1980年にフィンランドに生まれたインキネンは、2008年に日本フィルを初めて指揮し、2016年から2023年まで首席指揮者を務めています。すなわち、この演奏は、日本フィルのシェフに就く3年前に録音されてものとなります、
さて、ここでの演奏はと言いますと、息遣いが自然で、かつ、身のこなしのしなやかなものとなっています。そのような演奏ぶりによって、この作品の音楽世界が率直な形で描き上げられている。

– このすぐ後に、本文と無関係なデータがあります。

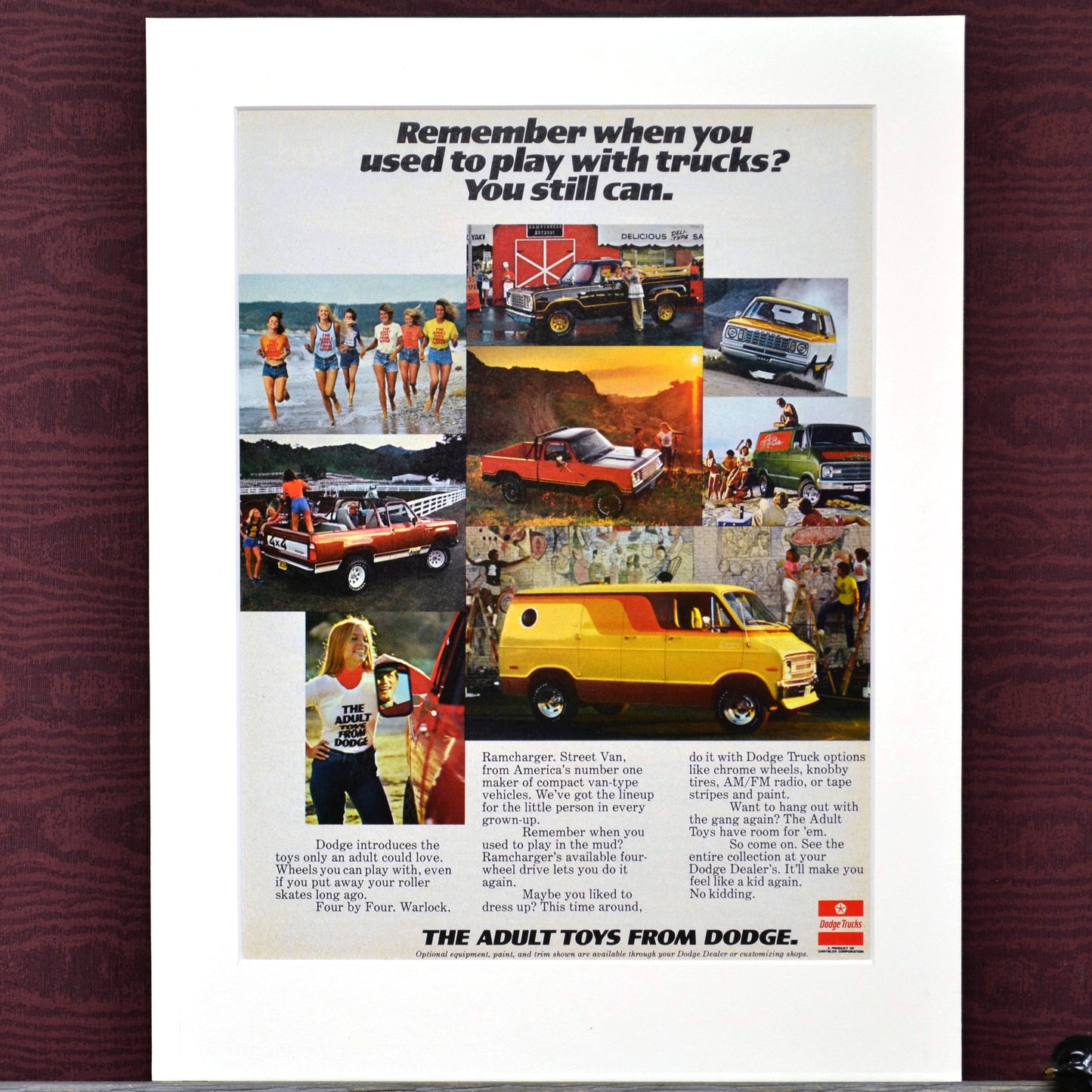 Framed 1978 Dodge Trucks Print - Classic Truck Wall Art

シベリウスの音楽は、寒々としていて、荒涼な世界が広がってゆくようである、といった類の形容を、しばしば見るように思えます。しかしながら、私は、シベリウスの音楽は、決してただ単に寒々としたものではなく、むしろ、内側に熱狂を秘めたものが多いと捉えています。そこへゆくと、この交響曲第4番は、シベリウスが完成させた7つの交響曲の中では、最も寒々しくて、寂寥とした音楽世界の広がる作品になっているように思える。
先ほど、「この作品の音楽世界が率直な形で描き上げられている」と書きましたのは、この演奏からは、とめどないほどの荒涼感といったものがストレートに伝わってくるからであります。
しかも、音楽がシッカリと大地に根を張ったものとなっている。作品の内側から、逞しい生命力が沸々と湧き出してくる、そんな演奏になっています。寂寞としていながらも、音楽における熱狂が、シッカリと備わったものとなっている。
そのような演奏を可能したのも、インキネンの音楽性の豊かさと、自国の偉大な作曲家であるシベリウスへの敬愛の深さなのでありましょう。
(ちなみに、インキネンは、2023年にバイロイト音楽祭で≪ニーベルングの指環≫全4作を指揮しています。)
インキネンが33歳だったときの記録となる、ここでのシベリウス。なるほど、若手演奏家の特権とも言えそうな瑞々しさを備えたものでありつつ、とても堂に入った演奏が繰り広げられています。
なんとも素晴らしいシベリウス演奏であります。